No, I’ve never seen a crash in or near my calls to glLogicOp(); I have no reason to think it is related in any way to the problems I am experiencing. SDL2 supports direct calls to OpenGL functions (I make sure to call SDL_RenderFlush() as needed) so I am not doing anything ‘risky’.

No. I explained earlier in the thread that if I rotate from portrait to landscape the framing is correct, but if I return to portrait (when the fault is present) it is incorrectly cropped again.

Like all the other issues, this is an intermittent and rare fault. The sort of cause you suggest would surely result in consistent misbehavior, which I don’t see.

I know that Android poses particular difficulties for SDL2, which may contribute to these problems, but if it’s not possible to make SDL2 stable in Android it would be better to admit that and not claim to support that platform.

ok, I hoped that helps. good luck

I’m suspicious that the error is caused because Android drops data when the context changes (Like rotating the screen). I’m way out of date as far as developing on Android, but can you possibly catch Android functions like onSaveInstanceState() from within your app?

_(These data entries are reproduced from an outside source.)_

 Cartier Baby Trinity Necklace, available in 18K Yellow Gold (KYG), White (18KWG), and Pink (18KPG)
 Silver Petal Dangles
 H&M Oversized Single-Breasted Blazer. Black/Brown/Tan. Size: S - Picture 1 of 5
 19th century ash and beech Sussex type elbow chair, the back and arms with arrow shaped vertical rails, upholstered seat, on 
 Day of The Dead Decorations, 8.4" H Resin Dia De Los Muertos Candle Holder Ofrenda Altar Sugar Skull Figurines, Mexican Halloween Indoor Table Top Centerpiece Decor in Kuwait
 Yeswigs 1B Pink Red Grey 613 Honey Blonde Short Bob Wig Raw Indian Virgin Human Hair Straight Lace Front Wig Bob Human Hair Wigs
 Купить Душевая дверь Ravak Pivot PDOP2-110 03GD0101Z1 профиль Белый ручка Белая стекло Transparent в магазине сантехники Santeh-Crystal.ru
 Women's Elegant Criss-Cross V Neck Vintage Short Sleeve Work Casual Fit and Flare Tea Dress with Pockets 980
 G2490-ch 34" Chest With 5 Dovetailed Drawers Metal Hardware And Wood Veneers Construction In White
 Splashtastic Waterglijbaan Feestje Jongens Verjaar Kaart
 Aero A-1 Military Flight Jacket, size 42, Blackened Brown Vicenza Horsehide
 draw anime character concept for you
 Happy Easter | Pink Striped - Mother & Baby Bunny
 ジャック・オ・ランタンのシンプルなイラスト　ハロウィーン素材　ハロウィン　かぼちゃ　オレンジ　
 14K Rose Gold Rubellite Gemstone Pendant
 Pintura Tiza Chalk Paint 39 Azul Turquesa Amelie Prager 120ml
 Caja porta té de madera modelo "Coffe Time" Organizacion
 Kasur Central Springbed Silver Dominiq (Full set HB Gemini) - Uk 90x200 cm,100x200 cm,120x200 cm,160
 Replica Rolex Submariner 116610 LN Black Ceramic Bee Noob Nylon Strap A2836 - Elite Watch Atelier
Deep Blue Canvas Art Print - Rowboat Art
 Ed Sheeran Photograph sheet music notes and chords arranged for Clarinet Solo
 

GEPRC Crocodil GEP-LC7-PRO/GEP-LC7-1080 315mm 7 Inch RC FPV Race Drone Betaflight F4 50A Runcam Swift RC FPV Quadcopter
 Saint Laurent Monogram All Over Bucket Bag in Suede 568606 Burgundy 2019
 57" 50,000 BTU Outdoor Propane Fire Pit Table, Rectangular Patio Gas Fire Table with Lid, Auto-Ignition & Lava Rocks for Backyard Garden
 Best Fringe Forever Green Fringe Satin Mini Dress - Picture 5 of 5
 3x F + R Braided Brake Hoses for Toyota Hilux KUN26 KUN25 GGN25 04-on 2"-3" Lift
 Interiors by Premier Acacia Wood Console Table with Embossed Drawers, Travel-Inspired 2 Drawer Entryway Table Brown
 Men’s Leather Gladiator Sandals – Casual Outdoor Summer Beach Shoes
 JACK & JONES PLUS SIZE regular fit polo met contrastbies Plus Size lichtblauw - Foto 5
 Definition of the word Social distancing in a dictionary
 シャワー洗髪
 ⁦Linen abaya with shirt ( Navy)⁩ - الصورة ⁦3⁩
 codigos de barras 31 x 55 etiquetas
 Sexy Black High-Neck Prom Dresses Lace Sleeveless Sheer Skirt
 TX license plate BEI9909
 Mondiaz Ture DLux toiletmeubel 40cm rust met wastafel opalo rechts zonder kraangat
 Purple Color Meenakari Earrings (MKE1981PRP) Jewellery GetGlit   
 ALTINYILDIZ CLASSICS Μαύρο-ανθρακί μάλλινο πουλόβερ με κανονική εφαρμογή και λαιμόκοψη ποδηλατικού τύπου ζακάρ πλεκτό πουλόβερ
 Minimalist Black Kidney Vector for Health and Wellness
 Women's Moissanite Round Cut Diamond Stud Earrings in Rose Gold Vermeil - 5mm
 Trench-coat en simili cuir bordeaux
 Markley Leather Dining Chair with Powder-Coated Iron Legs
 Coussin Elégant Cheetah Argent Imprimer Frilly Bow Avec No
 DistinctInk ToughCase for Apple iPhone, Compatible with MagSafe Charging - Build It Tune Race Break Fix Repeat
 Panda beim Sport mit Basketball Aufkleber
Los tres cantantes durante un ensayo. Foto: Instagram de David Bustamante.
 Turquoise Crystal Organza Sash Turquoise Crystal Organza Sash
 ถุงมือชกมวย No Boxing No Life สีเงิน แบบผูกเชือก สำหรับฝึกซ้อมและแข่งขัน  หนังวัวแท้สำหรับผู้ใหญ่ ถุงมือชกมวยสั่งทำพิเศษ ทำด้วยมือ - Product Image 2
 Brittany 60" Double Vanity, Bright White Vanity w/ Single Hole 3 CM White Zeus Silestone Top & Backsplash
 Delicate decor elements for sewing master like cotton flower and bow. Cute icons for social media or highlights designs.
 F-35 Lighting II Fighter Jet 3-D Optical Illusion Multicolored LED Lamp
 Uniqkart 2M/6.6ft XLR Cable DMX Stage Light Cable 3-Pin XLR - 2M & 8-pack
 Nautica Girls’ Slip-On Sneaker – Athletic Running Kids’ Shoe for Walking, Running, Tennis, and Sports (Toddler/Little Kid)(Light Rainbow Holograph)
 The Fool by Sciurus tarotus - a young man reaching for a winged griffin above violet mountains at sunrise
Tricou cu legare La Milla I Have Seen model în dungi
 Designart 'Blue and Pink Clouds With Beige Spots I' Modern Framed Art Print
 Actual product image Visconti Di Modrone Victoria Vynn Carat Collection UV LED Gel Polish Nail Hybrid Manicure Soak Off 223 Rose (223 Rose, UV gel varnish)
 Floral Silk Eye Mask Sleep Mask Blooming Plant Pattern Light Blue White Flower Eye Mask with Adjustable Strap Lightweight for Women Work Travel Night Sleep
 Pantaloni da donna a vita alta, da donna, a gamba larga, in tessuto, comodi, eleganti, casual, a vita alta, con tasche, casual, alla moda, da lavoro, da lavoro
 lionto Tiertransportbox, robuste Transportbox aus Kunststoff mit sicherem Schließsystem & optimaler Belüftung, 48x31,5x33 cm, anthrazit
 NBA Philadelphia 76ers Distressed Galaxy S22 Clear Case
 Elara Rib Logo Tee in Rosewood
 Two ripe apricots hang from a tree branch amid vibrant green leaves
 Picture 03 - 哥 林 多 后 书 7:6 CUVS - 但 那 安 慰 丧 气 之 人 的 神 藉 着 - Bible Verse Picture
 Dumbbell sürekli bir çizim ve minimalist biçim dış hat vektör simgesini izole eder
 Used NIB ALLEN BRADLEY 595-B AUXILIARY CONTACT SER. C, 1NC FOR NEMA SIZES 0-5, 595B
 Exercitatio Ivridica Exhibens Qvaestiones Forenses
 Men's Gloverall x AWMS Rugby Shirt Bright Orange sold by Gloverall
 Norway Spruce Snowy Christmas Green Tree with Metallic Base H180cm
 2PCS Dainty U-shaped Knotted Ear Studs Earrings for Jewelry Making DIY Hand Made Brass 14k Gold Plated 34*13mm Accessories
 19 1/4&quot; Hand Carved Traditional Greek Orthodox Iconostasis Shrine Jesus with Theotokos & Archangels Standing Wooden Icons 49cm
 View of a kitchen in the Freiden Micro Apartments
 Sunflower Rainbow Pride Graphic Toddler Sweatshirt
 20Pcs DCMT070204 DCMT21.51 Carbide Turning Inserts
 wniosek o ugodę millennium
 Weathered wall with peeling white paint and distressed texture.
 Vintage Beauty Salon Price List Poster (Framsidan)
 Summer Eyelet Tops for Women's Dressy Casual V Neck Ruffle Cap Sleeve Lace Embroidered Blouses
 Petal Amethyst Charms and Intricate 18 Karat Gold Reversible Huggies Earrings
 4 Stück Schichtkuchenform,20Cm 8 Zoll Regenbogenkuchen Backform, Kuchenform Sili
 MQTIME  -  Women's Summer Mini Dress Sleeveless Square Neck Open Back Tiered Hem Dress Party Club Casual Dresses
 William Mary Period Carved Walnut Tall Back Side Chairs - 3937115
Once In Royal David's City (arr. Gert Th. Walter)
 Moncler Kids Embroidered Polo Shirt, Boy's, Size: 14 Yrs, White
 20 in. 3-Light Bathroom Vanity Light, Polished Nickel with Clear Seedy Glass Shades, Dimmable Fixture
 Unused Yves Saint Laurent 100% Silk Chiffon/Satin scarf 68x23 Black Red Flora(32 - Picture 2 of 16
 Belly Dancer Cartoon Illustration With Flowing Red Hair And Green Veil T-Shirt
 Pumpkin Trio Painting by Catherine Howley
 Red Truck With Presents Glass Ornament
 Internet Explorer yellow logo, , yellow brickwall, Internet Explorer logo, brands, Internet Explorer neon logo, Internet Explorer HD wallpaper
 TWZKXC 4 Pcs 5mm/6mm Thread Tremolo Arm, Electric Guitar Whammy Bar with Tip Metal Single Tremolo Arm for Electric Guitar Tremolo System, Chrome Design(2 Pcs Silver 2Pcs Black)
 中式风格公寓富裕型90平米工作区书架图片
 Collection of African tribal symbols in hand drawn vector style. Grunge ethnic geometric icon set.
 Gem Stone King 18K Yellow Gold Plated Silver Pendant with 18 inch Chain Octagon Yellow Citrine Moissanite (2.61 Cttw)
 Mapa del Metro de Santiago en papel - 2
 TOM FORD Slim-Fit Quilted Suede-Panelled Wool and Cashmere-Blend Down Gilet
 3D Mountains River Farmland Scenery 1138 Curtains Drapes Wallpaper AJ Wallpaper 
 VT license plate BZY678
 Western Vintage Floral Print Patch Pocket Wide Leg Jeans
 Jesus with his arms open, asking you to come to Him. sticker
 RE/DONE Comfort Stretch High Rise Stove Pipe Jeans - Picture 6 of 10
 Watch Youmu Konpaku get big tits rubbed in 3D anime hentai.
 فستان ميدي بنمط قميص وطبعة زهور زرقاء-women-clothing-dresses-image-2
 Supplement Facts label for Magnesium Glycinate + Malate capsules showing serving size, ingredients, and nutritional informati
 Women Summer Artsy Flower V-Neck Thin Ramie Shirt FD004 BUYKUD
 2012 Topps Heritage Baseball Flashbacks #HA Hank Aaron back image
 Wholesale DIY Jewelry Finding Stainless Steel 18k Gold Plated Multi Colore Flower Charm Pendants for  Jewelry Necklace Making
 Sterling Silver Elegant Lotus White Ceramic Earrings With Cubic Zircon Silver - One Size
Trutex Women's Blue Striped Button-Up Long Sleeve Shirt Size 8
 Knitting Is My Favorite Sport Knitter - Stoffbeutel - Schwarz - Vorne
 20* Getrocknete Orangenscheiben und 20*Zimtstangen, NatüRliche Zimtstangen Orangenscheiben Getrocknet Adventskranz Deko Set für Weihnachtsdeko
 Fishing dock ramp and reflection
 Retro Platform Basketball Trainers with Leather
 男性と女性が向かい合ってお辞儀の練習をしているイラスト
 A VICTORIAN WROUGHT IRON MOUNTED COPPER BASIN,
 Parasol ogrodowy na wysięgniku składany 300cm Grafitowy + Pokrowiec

I suspect SIGSEGV is happening because the renderer’s pointer has been invalidated by the rotation, (on some systems this garbage pointer might still direct to the old renderer’s data, and others override the pointer to NULL or some other garbage address outside of the program’s range. Accessing the old data gives you bad cropping while the others attempting to access an invalidated pointer are then “accessing invalid memory” as far as the system is concerned giving SIGSEGV.
That potentially explains why you see bad cropping on most systems and some others get SIGSEGV.

Back to it:
I think destroying the old and creating a new renderer might fix the issue. (But if it’s already invalidated, then trying to destroy/access the old one might cause the very same problem, so you may need to destroy the old one before the rotation is processed by the system and create a new one after the rotation)

I think that’s a potential difference between the two window resize events. Does one of the below consistently fire first when rotating?

    SDL_WINDOWEVENT_RESIZED,        /**< Window has been resized to data1xdata2 */
    SDL_WINDOWEVENT_SIZE_CHANGED,   /**< The window size has changed, either as
                                         a result of an API call or through the
                                         system or user changing the window size. */

I’m worried that those two events might not be guaranteed in the same event loop, which allows a frame to be drawn on that invalid/deleted pointer. You might have to go one step further by having a pointer to your rendering function that you can flip to a “Do nothing” function while the pointer is invalid to guarantee it is not accessed in this time. Then flip back to the actual render function once the new renderer is created.

  • I apologize for the amount of guess-work that I’ve put into this post.

Do any other window events fire when the program gets put to background and brought back, like SDL_WINDOWEVENT_HIDDEN, SDL_WINDOWEVENT_SHOWN, SDL_WINDOWEVENT_EXPOSED,
SDL_WINDOWEVENT_LEAVE, SDL_WINDOWEVENT_ENTER,
…focus_gained, …focus_lost etc?

I don’t know if one of these might be a more reliable API to destroy the old renderer, avoid render calls, and create the new one on restoration.

Edit: I see we’re talking GLES rather than the SDL_Renderer, but I think that it’s a fair analogue. Try doing it with your GLES context in a similar manner: Destroy it when leaving, recreate it when the program regains focus. Avoid accessing GL functions when in the background or rotated until the new context is ready.